Over the years as I’ve healed, become more aware, able to better control rage when it comes (much more rarely than before), and moved away from behaving like this, I consistently see the effect this double standard has on our society.

Most recently, it showed up in the form of a male lover, when, after being told I was violently triggered for the first time in years and isolating myself because I feared I would potentially hit him, said “That would be ok.”.

No. That would not have been ok.

Years ago I experienced a breakup in which violence was not a concern from me (the other woman, however, had assaulted him and was having fantasies about beating and knifing him.. but I digress); I wanted nothing to do with him under any circumstances.

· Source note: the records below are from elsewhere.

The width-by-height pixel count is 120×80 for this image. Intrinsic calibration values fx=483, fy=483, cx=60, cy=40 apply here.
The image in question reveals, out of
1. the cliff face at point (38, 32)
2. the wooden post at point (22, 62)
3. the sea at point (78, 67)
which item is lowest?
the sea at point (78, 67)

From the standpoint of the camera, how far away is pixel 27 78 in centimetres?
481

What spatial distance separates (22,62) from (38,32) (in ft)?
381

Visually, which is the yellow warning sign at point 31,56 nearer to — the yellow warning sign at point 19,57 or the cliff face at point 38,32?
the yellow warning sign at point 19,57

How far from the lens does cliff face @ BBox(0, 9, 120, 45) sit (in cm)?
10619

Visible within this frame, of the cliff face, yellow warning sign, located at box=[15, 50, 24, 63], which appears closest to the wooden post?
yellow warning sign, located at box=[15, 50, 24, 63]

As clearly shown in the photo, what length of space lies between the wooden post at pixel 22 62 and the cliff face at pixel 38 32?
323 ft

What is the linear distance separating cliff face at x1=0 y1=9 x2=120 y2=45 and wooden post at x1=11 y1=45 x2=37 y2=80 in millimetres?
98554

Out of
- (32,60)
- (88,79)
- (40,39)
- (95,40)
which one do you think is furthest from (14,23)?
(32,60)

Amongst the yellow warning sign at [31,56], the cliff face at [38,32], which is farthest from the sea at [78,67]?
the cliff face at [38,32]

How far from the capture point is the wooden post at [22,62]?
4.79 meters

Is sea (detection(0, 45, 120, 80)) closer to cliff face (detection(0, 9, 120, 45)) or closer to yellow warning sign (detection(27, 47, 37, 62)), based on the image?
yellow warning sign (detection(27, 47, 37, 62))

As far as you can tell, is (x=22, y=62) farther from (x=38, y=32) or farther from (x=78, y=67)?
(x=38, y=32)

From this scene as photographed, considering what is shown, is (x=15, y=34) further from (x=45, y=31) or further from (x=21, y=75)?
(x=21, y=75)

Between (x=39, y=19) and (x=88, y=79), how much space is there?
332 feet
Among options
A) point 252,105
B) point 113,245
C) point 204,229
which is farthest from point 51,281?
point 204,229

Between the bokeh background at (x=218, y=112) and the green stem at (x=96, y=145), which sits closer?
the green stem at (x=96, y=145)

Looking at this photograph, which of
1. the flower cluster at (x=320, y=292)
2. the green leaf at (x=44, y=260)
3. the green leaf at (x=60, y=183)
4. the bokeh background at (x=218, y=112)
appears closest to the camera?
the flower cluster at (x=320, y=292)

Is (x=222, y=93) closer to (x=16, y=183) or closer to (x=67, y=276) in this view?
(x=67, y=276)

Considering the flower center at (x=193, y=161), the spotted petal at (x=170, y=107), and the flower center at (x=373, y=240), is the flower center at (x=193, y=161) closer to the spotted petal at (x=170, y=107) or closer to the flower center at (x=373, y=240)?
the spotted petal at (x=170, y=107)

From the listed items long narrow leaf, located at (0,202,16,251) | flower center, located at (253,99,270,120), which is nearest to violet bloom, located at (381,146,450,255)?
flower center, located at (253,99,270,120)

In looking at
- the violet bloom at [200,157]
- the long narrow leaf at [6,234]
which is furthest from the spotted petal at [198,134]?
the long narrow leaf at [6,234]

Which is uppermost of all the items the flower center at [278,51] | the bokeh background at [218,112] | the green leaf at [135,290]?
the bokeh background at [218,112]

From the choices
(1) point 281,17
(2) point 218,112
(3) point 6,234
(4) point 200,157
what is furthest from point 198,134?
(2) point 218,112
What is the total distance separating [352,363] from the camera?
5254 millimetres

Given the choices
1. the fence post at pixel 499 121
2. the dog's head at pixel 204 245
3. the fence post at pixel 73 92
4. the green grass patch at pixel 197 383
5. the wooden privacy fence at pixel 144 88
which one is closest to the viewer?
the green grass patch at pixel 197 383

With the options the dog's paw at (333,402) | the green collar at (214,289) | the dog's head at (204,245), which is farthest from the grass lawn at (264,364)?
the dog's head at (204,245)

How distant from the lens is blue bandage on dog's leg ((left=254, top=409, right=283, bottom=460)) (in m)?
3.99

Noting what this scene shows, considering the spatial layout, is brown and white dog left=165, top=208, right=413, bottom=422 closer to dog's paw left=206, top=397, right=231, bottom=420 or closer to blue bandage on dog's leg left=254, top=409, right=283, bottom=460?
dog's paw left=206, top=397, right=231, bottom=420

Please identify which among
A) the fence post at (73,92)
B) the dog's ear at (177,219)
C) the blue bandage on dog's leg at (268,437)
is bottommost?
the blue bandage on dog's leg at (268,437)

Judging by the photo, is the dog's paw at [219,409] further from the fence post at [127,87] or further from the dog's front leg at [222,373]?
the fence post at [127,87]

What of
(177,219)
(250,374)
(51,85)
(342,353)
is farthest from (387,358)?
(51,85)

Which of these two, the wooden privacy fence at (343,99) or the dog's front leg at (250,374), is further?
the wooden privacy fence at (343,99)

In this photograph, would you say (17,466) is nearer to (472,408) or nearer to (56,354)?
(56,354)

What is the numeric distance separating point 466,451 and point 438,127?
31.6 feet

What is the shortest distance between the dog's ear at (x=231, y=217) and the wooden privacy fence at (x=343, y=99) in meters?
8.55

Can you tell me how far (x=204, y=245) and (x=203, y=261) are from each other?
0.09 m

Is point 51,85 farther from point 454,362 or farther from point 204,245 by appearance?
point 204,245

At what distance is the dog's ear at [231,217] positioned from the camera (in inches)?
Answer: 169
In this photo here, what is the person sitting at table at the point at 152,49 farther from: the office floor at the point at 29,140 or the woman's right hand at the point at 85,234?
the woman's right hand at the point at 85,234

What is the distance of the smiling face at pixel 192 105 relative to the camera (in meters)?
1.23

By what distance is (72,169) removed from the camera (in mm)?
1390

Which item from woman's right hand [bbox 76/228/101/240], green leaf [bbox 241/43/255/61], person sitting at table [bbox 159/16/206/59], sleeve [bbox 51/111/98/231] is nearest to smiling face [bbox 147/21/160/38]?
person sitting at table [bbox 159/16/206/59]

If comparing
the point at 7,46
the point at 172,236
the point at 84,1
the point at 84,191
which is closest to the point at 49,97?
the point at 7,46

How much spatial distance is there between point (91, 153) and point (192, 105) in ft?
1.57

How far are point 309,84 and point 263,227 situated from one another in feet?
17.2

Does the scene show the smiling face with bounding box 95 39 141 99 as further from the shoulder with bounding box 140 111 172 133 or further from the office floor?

However, that person chose to file a restraining order against me which disavowed even the existence of the other women, letalone her presence during the confrontation surrounding his infidelity in which he claimed I did what she did.

Though it was a dick move from a calculated self-serving lying jackass, had he actually been in danger, very few people would have believed him over me. Simply because he was a he. And that’s not ok.

Patriarchy is fucking *everyone*. Tear it down.

We need more safe spaces for men to be heard and understood about their experiences with abuse.

We need more education, dialogue and awareness of this problem and the needs of men and boys in abusive situations.

We need more awareness of female violence and resources to help women who hit people as coping mechanisms.

Shame needs secrecy, silence and judgement to exist.

It cannot survive being spoken and recognized.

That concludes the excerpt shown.